The lines in the listing below are to be given again exactly, starting at the line holding "We did a study" and ending at the line holding "Now the most". Do not include pictures.

═════ Extracted material

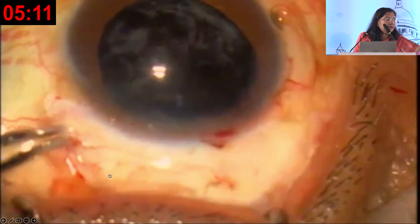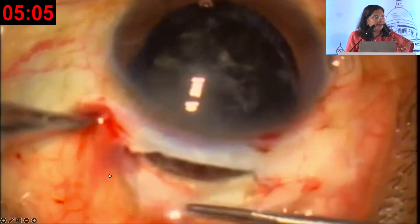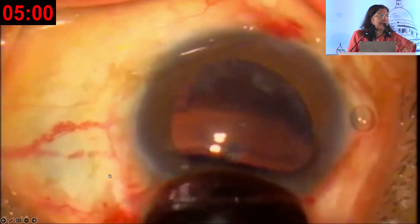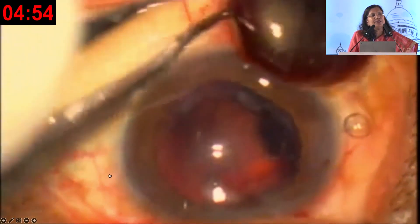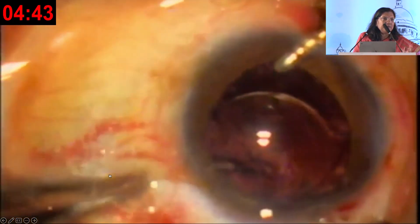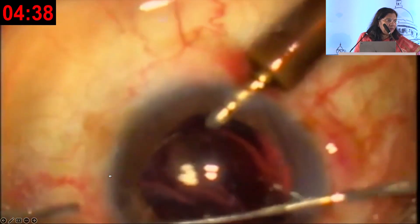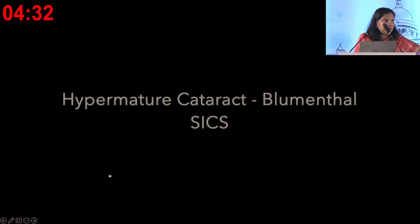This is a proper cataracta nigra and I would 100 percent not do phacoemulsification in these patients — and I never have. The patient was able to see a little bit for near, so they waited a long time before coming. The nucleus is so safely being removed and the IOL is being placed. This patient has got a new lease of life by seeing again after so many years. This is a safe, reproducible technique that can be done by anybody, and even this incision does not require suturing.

══════════
═════ Extracted material

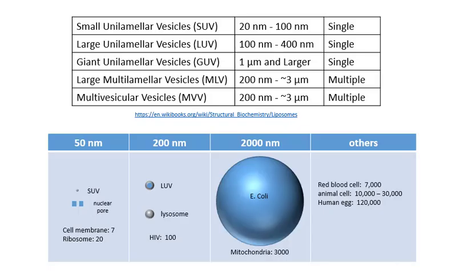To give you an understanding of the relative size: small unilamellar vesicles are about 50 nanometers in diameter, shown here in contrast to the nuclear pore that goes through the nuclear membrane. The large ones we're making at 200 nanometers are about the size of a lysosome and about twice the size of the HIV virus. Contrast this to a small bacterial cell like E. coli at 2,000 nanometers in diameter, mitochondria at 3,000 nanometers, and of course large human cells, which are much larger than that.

══════════
═════ Extracted material

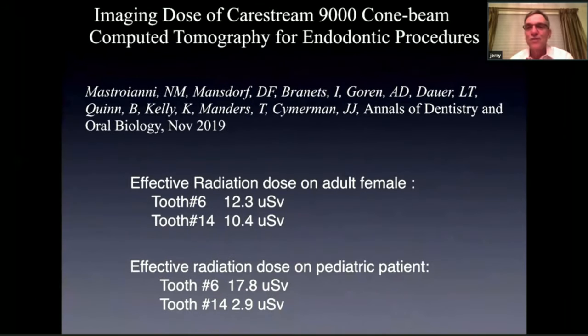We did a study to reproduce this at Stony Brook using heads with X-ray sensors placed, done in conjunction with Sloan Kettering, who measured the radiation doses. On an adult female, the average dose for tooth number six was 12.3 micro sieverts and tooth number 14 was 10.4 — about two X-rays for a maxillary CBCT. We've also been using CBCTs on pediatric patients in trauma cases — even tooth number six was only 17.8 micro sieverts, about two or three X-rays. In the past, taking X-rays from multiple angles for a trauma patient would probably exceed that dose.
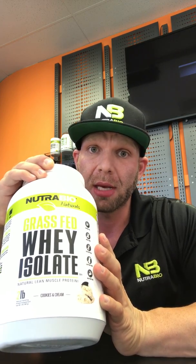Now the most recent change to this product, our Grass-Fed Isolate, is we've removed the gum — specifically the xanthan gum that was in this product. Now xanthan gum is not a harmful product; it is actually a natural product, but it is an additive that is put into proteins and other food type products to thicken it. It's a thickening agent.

══════════

§ Answer space
We did a study to reproduce this at Stony Brook using heads with X-ray sensors placed, done in conjunction with Sloan Kettering, who measured the radiation doses. On an adult female, the average dose for tooth number six was 12.3 micro sieverts and tooth number 14 was 10.4 — about two X-rays for a maxillary CBCT. We've also been using CBCTs on pediatric patients in trauma cases — even tooth number six was only 17.8 micro sieverts, about two or three X-rays. In the past, taking X-rays from multiple angles for a trauma patient would probably exceed that dose.
Now the most recent change to this product, our Grass-Fed Isolate, is we've removed the gum — specifically the xanthan gum that was in this product. Now xanthan gum is not a harmful product; it is actually a natural product, but it is an additive that is put into proteins and other food type products to thicken it. It's a thickening agent.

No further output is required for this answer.